TASK »
Please keep pictures out of the copy, and print exactly the lines from the one containing "The turtles in their tank" through the end of the records.

Entries taken from a collection:
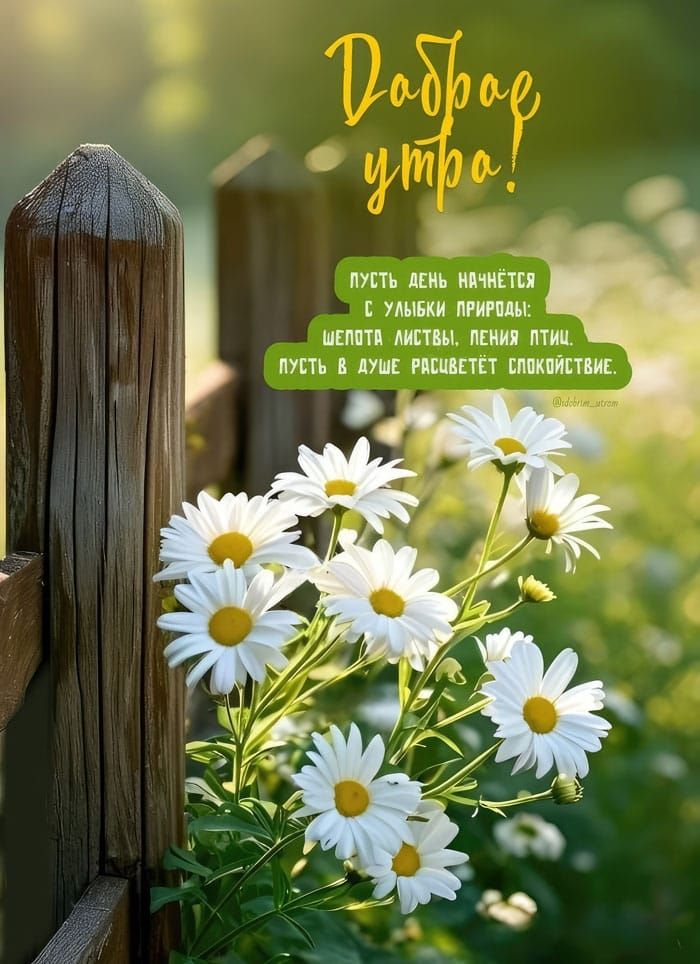 Доброе утро! Пускай день начнется с улыбки природы: шепот листьев, пенье птиц. Пускай в душе расцветет спокойствие.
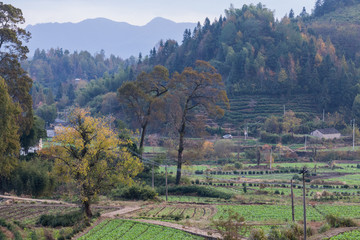 塔川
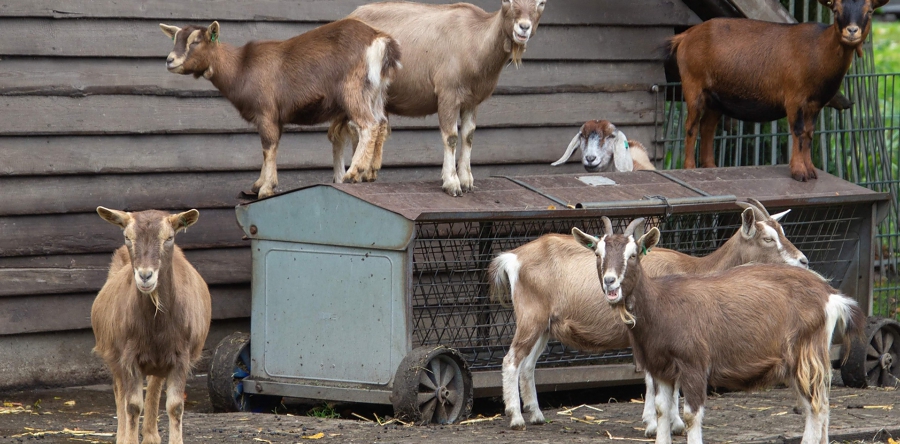 Kinderboerderij ‘t Erf zoekt vrijwilligers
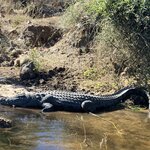 Photo taken by rhonda c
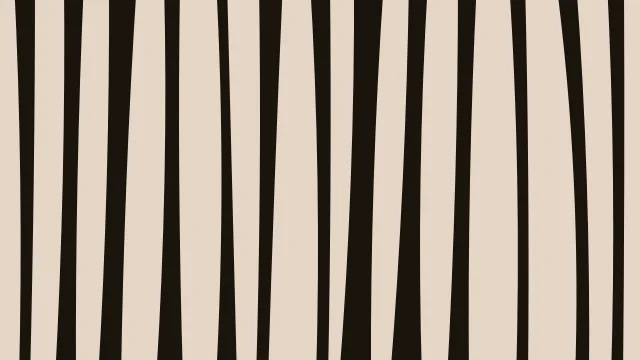 Copper zebra print background — free HD copper color wallpaper 1920x1080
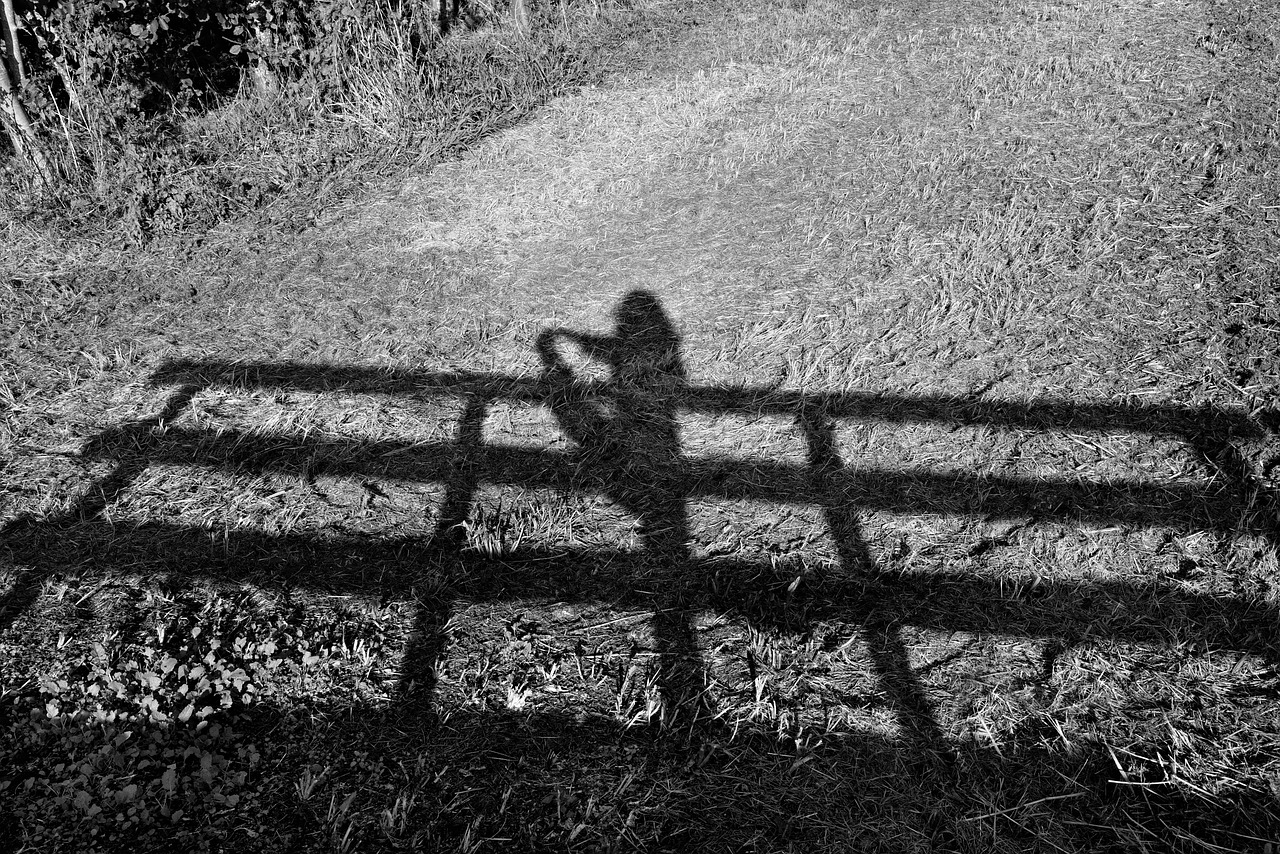 shadow  railing  bridge rail free photo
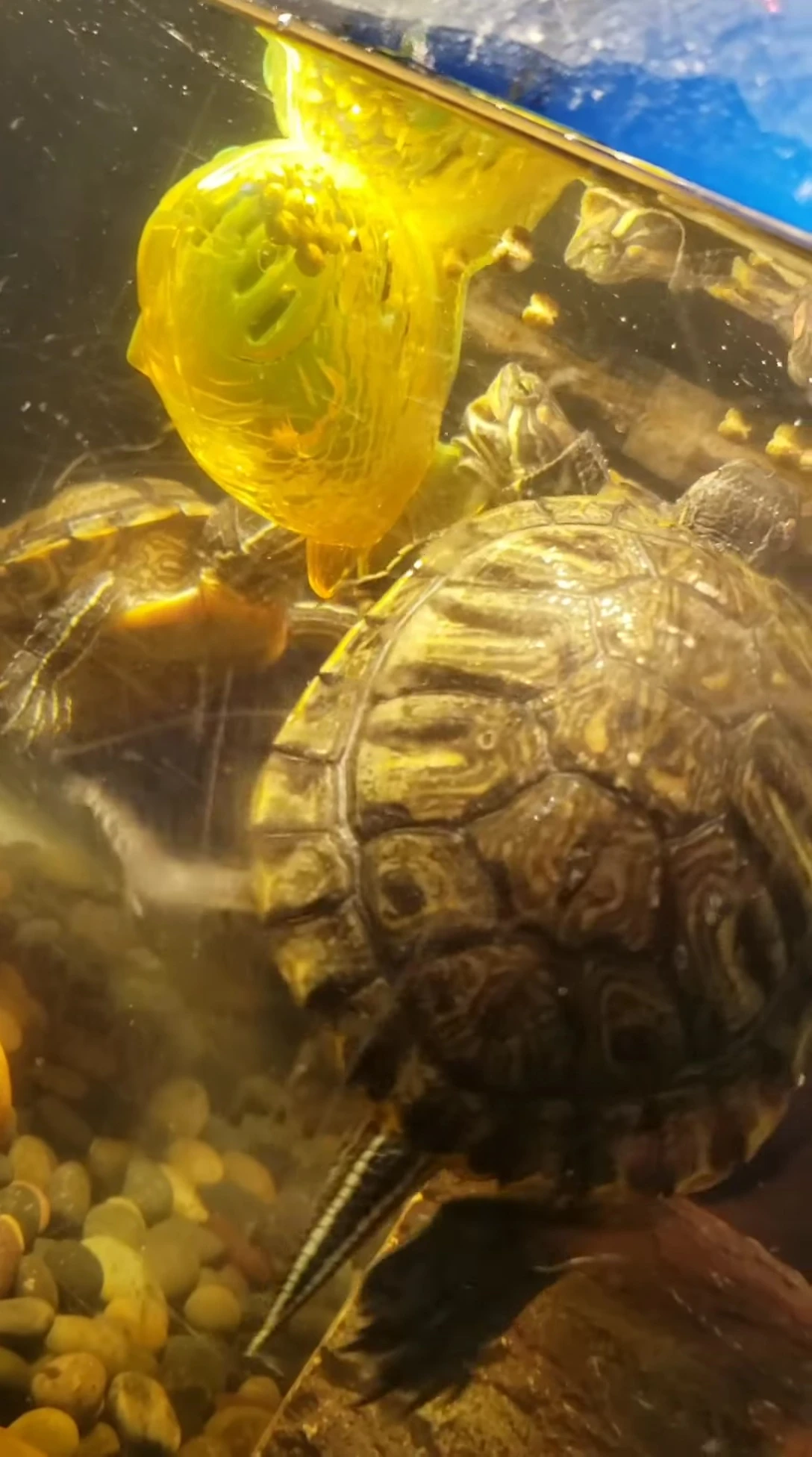 The turtles in their tank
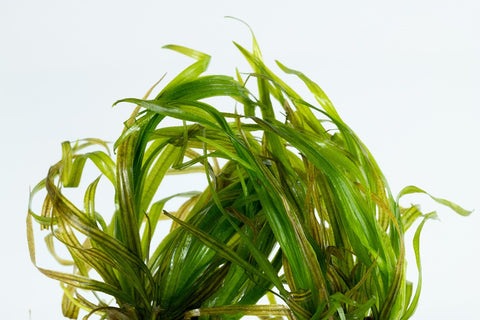 Tropica Aquarium Plants: Blyxa (TC) Tropica 1-2-Grow! – Aqua Forest Aquarium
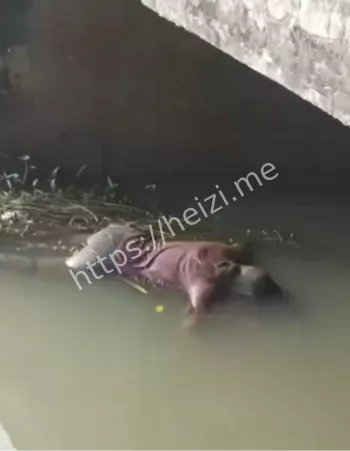 黄云菊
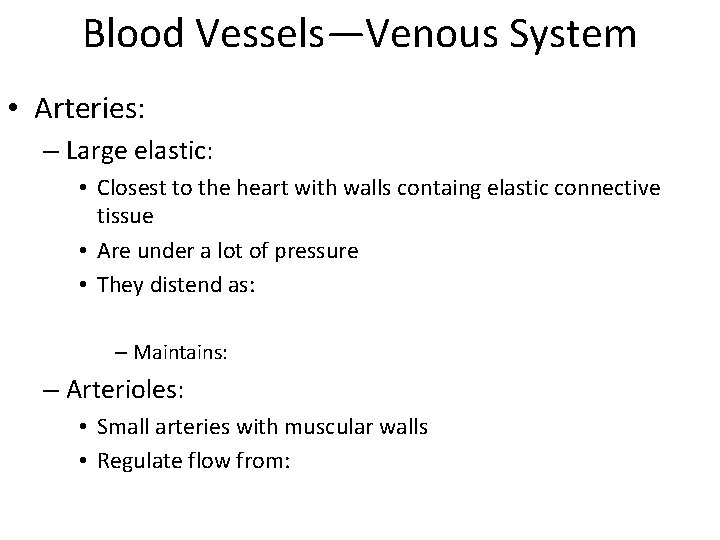 Blood Vessels—Venous System • Arteries: – Large elastic: • Closest to the heart with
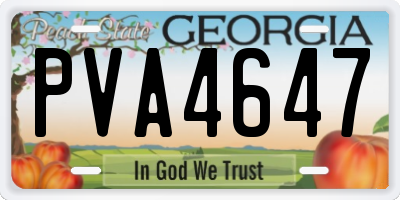GA license plate PVA4647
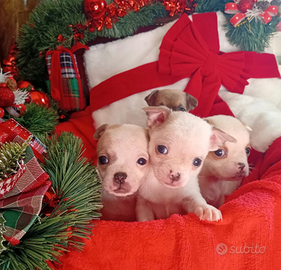 Pronti per un Natale da sogno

OUTPUT OF THE EXERCISE »
 The turtles in their tank
 Tropica Aquarium Plants: Blyxa (TC) Tropica 1-2-Grow! – Aqua Forest Aquarium
 黄云菊
 Blood Vessels—Venous System • Arteries: – Large elastic: • Closest to the heart with
GA license plate PVA4647
 Pronti per un Natale da sogno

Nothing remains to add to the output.